Sem querer estragar a surpresa da trama, basta dizer que o tal segredo do título é grande, e estranha-se a postura dócil da protagonista diante dele. A cineasta comprova seu conhecimento do cinema de gênero, mas fica a incômoda sensação de ver um período tão real e concreto da nossa História tratado com fantasia e humor - vide a cena da garotinha tomando chá de frutas com um desconhecido...
Na China, tudo é diferente
Até a China confirmou a forte presença das animações no Cine PE 2015. Assim como O Gaivota, esta comédia se destaca não apenas pelos traços "sujos" e expressivos do desenho, mas também pela interessante narração fornecida pelo próprio diretor. Para contar a história de um homem em viagem de negócios à China, o cineasta e narrador Marão adota um tom informal, gaguejando, buscando as palavras e se repetindo, com se estivesse com amigos em uma mesa de bar.

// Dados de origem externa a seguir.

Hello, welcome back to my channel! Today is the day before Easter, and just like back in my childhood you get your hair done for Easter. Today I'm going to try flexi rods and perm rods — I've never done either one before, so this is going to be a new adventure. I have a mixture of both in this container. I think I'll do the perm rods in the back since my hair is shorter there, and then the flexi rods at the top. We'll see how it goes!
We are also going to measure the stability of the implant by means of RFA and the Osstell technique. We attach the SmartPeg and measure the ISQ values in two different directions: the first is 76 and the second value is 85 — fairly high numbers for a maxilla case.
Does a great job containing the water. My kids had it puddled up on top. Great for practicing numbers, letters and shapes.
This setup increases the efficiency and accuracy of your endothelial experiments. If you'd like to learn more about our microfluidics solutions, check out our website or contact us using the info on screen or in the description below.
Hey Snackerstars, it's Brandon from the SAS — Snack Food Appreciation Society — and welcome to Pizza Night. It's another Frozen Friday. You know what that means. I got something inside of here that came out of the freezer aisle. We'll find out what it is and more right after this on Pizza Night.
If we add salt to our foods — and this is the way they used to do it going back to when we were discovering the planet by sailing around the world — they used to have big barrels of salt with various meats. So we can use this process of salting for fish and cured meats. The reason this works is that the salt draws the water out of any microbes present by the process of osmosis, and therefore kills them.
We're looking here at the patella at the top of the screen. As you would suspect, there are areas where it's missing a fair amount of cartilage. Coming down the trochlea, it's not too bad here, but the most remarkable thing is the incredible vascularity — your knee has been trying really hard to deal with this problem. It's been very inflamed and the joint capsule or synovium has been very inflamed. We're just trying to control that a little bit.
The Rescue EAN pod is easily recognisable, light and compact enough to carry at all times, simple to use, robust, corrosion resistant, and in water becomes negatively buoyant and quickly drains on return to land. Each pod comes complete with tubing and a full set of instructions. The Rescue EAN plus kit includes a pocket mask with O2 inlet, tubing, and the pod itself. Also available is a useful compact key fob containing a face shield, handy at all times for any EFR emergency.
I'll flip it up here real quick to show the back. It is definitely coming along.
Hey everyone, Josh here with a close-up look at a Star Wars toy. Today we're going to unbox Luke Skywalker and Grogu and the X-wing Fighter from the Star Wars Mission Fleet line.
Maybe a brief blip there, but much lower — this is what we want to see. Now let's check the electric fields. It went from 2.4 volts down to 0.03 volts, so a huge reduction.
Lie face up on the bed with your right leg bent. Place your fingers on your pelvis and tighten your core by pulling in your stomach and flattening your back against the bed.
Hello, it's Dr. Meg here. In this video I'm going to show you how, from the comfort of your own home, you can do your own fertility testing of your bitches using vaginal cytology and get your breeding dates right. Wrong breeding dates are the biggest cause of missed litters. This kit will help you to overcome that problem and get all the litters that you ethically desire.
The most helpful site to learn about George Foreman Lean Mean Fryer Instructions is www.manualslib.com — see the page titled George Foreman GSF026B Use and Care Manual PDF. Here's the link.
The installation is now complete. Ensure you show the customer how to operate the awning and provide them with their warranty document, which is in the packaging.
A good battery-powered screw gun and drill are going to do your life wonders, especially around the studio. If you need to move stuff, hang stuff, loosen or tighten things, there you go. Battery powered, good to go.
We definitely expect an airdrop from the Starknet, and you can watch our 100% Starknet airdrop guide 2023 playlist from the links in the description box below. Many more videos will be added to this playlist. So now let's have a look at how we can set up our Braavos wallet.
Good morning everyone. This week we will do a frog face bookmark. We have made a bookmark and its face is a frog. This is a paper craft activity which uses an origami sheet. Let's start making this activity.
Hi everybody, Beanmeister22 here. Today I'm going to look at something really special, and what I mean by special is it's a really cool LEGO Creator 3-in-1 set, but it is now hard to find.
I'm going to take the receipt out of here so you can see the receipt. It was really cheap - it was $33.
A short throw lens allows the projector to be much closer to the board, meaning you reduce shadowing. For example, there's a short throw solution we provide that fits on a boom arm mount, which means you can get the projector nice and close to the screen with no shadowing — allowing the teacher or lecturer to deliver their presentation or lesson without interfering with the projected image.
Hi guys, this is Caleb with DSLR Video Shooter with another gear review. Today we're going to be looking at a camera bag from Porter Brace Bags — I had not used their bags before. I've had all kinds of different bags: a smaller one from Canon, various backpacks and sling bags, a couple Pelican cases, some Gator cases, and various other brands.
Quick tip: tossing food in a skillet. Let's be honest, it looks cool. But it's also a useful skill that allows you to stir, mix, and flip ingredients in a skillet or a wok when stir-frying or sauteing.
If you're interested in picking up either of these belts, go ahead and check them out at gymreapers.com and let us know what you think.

O tom descontraído contribui ao humor eficiente da trama. A plateia pernambucana riu diversas vezes com as anedotas sobre comidas estranhas e costumes diferentes dos brasileiros. No entretanto, o fetichismo da alteridade (que está se desenhando como o verdadeiro tema do festival até aqui) acaba dominando o discurso, mais preocupado em tornar os chineses exóticos do que compreender a cultura alheia.
Pobreza e otimismo
O terceiro longa-metragem apresentado em competição oficial foi o documentário Aqui Deste Lugar, dos diretores Sérgio Machado e Fernando Coimbra. Machado estava presente no festival, junto do produtor Fabiano Gullane e de Natália Coresma Mota, uma das jovens retratadas no filme. O diretor explicou que a ideia de filmar famílias saindo da situação de pobreza extrema surgiu quando fazia pesquisas de locação e elenco para Central do Brasil, de Walter Salles.
Assim, três famílias revelam sua rotina familiar e profissional, impactada por programas de distribuição de renda como o Bolsa Família. O filme é divertido e tem diversos momentos memoráveis, além de conseguir escapar do panfletarismo partidário em que poderia facilmente cair. No entanto, Aqui Deste Lugar evita se aprofundar nas implicações políticas da pobreza, limitando o alcance do discurso.
O XIX Cine PE continua nesta quarta-feira com a exibição dos curtas-metragens Brócolis e Bajado, e os longas-metragens O Gigantesco Ímã e Permanência.